Familiarize the student with the nature, history, development of the media and its influence in the marketplace of ideas.
Lesson Module 7, Lowi, Chapter 7 and Canon, Chapter 7 Assignment
America’s media is the most unfettered in the world. It is free to print and report almost anything under the overarching concept of the public’s right to know. Reports on political and public figures in our media would be banned in the press in many nations.
The media in the U.S. is divided between the print and broadcast (electronic) media. The print media is the elder of the two, consisting of books, pamphlets, periodicals, and the like. The broadcast media the most recent, consisting of radio, television, and the Internet. These are creations of the 20th century. Corporations such as ABC, CBS, and NBC provide much of the news Americans consume.
Stuart Ewen and Bill Moyers, refer to news reporting as being driven by market forces. In his book he also states that the public as being barraged by images presented in the media which appeal to feelings rather than reason. These images, to maintain their impact on the consumer, must be of ever increasing intensity. Ewen and Moyers charge that the public mind is not being given a clear picture of reality to act in their role as citizen in a democracy.
The legal limits which the media operate in the America are minimal. Censorship is not permitted unless under national emergency or issues of national security. The no prior restraint doctrine was established in the Supreme Court case Near vs. Minnesota, 1931. Libel as a legal concept has two tests, malice and reckless disregard for truth. These were establish in the landmark Supreme Court case New York Times vs. Sullivan, 1964.

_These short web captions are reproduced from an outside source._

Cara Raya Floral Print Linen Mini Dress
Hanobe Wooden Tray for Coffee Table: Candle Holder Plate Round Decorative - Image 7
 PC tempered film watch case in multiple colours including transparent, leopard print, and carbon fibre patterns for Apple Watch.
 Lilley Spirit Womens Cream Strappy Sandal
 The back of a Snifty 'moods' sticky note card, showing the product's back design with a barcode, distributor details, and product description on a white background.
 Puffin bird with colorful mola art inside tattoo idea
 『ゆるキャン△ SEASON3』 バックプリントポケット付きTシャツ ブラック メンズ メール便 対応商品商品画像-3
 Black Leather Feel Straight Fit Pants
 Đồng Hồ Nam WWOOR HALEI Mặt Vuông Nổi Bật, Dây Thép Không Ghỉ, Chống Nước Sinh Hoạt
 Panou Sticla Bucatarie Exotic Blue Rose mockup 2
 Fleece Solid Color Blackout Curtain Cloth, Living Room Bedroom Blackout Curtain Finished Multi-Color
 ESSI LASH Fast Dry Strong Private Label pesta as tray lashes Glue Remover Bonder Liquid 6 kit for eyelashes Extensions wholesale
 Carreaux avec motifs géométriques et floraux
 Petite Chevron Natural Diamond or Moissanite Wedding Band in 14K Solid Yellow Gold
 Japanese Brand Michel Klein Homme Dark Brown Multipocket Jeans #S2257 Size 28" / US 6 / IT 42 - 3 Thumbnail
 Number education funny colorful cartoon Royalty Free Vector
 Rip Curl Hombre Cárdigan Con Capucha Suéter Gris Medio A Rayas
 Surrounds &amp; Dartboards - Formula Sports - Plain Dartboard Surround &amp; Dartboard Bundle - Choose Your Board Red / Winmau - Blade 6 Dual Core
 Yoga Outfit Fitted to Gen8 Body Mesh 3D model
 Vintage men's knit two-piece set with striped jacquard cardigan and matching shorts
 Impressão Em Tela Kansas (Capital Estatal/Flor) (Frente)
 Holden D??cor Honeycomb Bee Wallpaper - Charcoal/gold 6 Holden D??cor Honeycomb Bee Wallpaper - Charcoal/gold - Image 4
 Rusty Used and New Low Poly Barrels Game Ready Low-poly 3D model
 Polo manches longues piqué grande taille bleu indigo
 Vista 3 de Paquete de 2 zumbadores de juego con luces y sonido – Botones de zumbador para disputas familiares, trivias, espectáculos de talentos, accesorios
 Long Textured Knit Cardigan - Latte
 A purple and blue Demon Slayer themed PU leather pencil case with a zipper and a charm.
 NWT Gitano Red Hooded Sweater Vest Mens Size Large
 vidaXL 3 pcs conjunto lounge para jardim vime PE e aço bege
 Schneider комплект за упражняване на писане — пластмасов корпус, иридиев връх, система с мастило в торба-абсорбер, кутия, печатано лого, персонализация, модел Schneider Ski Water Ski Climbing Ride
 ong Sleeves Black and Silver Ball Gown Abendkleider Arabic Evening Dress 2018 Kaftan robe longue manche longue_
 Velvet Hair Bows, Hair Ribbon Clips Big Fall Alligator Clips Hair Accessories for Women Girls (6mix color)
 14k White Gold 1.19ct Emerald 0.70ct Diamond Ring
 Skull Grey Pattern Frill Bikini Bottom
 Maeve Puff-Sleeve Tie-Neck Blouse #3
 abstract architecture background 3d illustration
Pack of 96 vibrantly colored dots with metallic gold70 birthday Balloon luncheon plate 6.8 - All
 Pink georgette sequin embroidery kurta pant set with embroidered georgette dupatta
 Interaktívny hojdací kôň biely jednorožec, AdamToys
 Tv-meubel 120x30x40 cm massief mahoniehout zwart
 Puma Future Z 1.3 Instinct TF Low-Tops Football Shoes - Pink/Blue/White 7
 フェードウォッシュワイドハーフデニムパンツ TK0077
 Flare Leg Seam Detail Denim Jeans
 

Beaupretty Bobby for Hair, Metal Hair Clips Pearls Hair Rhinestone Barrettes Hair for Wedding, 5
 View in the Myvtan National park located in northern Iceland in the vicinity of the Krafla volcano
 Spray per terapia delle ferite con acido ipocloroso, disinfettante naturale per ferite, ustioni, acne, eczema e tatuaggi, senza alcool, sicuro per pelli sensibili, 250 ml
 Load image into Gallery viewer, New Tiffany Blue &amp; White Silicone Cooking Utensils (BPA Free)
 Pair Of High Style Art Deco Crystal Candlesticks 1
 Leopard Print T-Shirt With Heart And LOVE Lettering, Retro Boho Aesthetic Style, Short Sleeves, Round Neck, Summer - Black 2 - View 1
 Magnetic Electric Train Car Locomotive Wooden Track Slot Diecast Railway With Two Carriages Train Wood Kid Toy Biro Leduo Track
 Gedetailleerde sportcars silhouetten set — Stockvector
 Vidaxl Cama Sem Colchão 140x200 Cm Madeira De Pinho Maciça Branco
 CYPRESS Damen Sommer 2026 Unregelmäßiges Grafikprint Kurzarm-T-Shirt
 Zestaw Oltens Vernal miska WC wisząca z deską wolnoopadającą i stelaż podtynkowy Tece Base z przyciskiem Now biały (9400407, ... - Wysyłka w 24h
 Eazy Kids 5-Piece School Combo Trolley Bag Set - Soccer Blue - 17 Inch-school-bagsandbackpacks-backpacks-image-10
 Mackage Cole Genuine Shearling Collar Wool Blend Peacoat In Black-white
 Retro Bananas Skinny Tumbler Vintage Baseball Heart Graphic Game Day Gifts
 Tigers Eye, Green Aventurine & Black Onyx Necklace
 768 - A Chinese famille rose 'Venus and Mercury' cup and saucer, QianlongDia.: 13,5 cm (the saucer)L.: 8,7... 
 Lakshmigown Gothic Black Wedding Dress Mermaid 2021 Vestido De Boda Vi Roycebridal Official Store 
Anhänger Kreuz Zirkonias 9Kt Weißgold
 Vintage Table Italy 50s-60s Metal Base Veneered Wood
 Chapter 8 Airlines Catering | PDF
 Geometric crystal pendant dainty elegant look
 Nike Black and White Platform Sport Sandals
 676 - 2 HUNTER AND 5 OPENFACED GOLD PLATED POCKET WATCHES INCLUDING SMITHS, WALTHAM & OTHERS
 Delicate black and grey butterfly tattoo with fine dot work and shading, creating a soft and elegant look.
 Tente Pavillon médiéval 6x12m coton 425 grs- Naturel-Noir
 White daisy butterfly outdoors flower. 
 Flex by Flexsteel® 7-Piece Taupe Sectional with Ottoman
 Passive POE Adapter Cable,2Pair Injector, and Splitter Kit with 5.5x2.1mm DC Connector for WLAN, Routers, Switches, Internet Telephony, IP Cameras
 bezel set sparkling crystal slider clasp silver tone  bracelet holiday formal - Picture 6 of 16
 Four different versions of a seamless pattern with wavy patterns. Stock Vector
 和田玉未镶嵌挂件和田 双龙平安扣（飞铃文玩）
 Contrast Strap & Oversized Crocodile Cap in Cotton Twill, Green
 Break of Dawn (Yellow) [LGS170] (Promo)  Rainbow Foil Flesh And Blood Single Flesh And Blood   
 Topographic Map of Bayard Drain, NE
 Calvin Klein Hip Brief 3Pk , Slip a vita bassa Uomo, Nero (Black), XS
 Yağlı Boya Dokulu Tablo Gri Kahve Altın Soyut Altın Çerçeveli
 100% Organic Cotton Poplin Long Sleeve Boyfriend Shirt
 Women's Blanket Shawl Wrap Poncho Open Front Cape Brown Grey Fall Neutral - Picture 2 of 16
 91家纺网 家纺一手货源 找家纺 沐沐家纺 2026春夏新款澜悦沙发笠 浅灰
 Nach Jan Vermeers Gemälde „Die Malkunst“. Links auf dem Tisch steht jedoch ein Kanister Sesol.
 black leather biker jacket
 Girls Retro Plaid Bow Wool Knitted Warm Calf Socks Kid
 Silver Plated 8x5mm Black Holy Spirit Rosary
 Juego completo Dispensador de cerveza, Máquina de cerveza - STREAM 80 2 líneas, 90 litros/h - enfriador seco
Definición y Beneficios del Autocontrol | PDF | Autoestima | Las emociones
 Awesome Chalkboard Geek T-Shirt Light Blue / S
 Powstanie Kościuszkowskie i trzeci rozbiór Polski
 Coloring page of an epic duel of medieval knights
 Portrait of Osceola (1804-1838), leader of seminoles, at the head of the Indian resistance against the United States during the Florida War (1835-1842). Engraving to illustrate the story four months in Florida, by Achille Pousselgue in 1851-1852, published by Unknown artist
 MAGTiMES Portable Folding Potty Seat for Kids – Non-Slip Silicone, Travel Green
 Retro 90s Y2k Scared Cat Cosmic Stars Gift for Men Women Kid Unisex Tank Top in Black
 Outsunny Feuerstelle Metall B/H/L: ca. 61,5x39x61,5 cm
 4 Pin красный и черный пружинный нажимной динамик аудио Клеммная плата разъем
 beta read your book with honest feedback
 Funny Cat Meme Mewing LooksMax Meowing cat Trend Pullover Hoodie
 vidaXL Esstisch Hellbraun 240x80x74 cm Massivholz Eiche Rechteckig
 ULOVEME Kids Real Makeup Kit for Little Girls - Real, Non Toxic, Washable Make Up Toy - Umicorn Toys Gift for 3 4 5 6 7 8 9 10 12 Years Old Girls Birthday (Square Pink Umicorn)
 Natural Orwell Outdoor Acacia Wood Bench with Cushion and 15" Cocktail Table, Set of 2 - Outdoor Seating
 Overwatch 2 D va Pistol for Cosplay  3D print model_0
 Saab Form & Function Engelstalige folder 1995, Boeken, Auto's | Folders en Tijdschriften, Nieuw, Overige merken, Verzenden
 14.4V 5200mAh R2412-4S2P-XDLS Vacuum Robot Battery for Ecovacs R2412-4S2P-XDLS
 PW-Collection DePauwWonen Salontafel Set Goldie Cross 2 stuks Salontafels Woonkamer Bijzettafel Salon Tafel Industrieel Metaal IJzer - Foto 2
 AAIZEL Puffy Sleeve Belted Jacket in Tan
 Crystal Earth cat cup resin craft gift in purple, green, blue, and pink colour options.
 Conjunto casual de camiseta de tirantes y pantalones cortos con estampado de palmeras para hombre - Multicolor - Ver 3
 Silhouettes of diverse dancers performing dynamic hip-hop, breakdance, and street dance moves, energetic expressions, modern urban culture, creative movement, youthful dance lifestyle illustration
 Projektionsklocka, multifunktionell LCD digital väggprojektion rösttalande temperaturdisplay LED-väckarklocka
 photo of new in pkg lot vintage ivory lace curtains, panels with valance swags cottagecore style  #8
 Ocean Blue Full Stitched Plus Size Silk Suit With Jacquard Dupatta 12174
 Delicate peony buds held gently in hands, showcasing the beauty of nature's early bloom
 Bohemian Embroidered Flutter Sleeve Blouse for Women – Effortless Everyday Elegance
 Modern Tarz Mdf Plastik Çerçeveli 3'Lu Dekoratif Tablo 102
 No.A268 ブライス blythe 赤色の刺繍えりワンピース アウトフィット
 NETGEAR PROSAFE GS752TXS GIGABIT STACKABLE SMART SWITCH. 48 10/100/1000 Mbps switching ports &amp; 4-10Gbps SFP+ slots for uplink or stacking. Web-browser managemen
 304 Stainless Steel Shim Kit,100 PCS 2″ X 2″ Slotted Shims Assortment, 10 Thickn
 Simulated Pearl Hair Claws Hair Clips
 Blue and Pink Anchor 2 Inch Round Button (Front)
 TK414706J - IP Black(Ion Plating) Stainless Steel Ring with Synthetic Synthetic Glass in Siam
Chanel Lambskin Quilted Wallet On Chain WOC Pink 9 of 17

Media coverage has three basic filters, the journalists themselves, the sources of news, and finally, the consumer. Journalists, their editors, publishers and producers have control of the content of news. The sources of information, be they politicians, interest groups or corporations, limit journalistic content. Finally, what the public wants to see or hear is the final test. If the public doesn’t want to read or hear it, editors and producers will respond. Their advertisers will pull their ads if the public ignores the stories in print or electronic form.
The media is that vital element in a democracy. It provides the citizen information. The information in turn, gives the citizens the power to make informed choices about issues and leadership.